Катерина Барабанова, сухая и темная, не улыбнулась.

— С кем я ребят оставлю? — задумывалась она вслух. — Нет, Где уж мне лен трепать… Ослобони.

— И то правда. Потом сосчитаемся, — соглашался Быков. Странное дело, больше отказывала просительницам не хозяйка и не хозяин, а Марфа — работница.

— Нету соли. Какая ноне соль! Сами почесть несоленое хлебаем. Эко сказала — фунтика два!

Приходилось Устину Павлычу самому идти в чулан за солью, которой он уже не торговал, а отпускал кое — кому потихоньку.

Только один раз, при Шурке, Быков вышел из себя.

Случилось это, когда на кухню влез глебовский мужичонко, тот самый, что шатался пьяный на гулянье в Тихвинскую с игрушечной лошадкой под мышкой и получил трепку от Косоурова. Бойкий, тощий, с широким костистым лицом, обросшим льняной, с подпалинами, бородой, в валенках с калошами и зимней шапке, а в одной праздничной рубахе, он весело заговорил, здороваясь:

— Ну, Павлыч, озимищи у тебя… Проходил сейчас полем… как шуба! Ну!

И долго, бестолково восторгался, а потом, сняв шапку, попросил четвертной билет на телку.

Устин Павлыч и разговаривать не стал.

— Нет, не дам, Егор Михайлыч, — отрезал он напрямик. — Поменьше пей денатурату.

— Какой денатурат? Он ноне кусается… Подохла, слышь, корова, дуй те горой, а в Карасове телка ладная продается. Как бы не упустить. У горшеля, Сидорова Митрия… ну, безногого. Денатуратом мы не занимаемся… на телку, — мямлил мужик. Бойкую веселость с него как рукой сняло.

— Работать, друг, надо, а ты Шестипалому полдуши уступил, богач. Попроси у него. Соседушки! — посоветовал хмуро Устин Павлыч.

— Красненькую дал, пра — а! — обрадованно сознался мужик. — Не хватает, дуй те горой. К рождеству обернусь, отдам… Ну, десятку, Павлыч?

— И десятка на полу не валяется. А хоть бы и валялась — подниму, тебе не дам. Пропьешь.

Лицо у глебовского мужика перекосилось, подпалины в бороде увеличились.

— Раз пьяным видел, а попрекаешь всю жизнь… Сам‑то не варишь брагу? С изюмом хлещешь! — с ненавистью сказал он, нахлобучивая шапку. — Скажи: жалко — я и уйду.
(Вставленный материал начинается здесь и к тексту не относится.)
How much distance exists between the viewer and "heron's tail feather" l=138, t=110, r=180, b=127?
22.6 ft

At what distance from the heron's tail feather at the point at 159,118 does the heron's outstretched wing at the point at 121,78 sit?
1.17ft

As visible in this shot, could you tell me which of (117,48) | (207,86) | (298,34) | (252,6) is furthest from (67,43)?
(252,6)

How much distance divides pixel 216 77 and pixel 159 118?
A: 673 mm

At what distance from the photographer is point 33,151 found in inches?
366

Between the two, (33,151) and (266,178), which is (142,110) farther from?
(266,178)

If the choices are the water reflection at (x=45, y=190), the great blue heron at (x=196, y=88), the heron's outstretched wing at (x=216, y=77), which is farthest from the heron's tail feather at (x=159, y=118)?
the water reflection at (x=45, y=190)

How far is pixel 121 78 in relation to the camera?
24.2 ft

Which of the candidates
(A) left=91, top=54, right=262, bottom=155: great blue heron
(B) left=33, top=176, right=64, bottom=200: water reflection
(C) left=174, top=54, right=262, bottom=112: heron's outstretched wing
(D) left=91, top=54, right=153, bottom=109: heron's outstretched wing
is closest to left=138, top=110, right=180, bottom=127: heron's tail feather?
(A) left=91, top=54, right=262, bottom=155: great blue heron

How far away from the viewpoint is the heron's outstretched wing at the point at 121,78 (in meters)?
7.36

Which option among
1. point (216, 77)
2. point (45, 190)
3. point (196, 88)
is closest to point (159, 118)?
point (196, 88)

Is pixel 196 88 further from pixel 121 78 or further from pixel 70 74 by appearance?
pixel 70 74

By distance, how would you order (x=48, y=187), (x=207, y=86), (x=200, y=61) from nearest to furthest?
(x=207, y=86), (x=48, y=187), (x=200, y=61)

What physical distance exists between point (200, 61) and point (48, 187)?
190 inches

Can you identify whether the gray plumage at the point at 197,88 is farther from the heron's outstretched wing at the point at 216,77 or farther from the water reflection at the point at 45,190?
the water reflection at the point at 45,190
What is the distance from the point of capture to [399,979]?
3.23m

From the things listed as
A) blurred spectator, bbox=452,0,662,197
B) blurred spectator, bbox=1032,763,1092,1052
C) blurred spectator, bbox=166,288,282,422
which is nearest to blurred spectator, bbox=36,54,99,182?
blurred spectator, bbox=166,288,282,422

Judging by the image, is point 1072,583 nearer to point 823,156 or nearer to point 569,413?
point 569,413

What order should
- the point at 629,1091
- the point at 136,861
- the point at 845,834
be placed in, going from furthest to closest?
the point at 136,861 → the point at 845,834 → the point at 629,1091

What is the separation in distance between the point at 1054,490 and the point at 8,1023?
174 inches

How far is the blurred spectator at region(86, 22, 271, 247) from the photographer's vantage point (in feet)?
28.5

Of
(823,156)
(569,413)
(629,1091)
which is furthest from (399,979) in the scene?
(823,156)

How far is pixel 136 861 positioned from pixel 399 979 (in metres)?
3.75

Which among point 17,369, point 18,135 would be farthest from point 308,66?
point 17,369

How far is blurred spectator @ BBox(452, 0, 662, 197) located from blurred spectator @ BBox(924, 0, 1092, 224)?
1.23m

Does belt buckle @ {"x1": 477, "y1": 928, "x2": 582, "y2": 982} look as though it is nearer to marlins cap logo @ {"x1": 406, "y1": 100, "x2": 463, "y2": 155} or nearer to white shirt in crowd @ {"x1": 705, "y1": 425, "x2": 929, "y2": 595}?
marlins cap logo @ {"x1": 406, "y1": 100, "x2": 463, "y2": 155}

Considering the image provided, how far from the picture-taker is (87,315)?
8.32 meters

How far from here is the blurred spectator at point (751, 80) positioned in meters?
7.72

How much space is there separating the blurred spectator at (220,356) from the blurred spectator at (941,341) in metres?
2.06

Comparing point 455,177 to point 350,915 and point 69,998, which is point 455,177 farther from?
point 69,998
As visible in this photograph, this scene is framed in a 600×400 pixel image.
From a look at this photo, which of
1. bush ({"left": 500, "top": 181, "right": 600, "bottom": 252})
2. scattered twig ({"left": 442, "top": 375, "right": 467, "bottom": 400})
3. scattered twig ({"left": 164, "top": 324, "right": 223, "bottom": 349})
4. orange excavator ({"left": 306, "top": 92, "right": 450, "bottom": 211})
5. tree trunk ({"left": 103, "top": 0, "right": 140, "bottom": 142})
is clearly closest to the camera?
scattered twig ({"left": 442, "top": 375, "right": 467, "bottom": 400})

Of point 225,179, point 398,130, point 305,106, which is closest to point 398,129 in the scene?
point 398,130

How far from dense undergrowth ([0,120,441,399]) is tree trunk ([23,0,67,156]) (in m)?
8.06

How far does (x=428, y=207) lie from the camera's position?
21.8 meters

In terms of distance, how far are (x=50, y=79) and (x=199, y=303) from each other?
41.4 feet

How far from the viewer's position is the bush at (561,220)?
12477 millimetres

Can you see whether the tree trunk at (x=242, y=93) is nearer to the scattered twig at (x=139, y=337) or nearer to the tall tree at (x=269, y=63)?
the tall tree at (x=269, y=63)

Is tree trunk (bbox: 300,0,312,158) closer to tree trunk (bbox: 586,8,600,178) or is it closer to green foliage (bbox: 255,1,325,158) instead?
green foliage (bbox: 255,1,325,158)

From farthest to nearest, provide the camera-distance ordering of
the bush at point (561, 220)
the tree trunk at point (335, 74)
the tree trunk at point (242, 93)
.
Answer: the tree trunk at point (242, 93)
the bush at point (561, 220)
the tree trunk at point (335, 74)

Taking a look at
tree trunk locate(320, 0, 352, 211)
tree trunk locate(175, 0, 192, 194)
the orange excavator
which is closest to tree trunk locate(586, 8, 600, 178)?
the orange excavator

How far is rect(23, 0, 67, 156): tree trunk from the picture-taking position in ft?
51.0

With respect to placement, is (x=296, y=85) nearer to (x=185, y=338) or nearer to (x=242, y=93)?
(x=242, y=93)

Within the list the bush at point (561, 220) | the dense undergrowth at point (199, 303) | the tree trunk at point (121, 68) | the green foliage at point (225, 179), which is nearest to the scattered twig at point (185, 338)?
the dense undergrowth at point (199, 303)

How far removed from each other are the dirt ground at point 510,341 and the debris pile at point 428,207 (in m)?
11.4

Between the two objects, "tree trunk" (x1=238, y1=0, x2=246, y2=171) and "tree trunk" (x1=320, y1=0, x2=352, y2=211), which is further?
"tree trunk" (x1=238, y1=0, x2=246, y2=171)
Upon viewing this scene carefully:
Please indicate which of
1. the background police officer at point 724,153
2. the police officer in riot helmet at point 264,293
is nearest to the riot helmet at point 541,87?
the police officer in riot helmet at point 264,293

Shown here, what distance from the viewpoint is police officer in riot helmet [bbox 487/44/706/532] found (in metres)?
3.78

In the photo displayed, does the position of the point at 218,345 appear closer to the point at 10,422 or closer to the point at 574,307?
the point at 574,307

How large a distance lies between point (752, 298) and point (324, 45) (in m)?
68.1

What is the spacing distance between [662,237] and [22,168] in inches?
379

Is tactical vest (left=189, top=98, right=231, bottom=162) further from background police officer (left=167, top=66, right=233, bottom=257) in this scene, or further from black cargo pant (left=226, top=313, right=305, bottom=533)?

— Жалко… Такому, как ты, беспутному, жалко… И брагу варю. Не скрываюсь. Еще что? — проговорил, побелев, Устин Павлыч, сжимая кулаки, надвигаясь на мужика.

Шурке показалось, что Быков сейчас ударит. Он испугался, толкнул Олега локтем, но Двухголовый и ухом не повел.

— На! Грабь! Жизни от вас, бестолочи, нету! И я нищим стану… На! — Устин Павлыч рванул на себе пиджак, выхватил бумажник.

— Ой, батюшка, с ума никак сошел! — закричала в зимней половине Авдотья Яковлевна.

— Бери! Знай Устина Быкова. Меня еще никто в жадности не попрекал, — совал отец Олега деньги, комкая их в кулаке, а глебовский мужичонко, смутясь, пятился к порогу.

— Ну что ты, Павлыч? Я к слову, бес тебя заешь… Прости… Спасибо. Озими у тебя больно хороши, — бессвязно бормотал он, кланяясь, сдирая шапку.

— Проваливай, — сквозь зубы сказал Устин Павлыч и выпроводил его за дверь.

Зато как он распахнул эту дверь, кинулся на улицу, заметив Платона Кузьмича, проезжавшего мимо на двуколке. Он зазвал, затащил в дом, сам привязал серого жеребца к крыльцу.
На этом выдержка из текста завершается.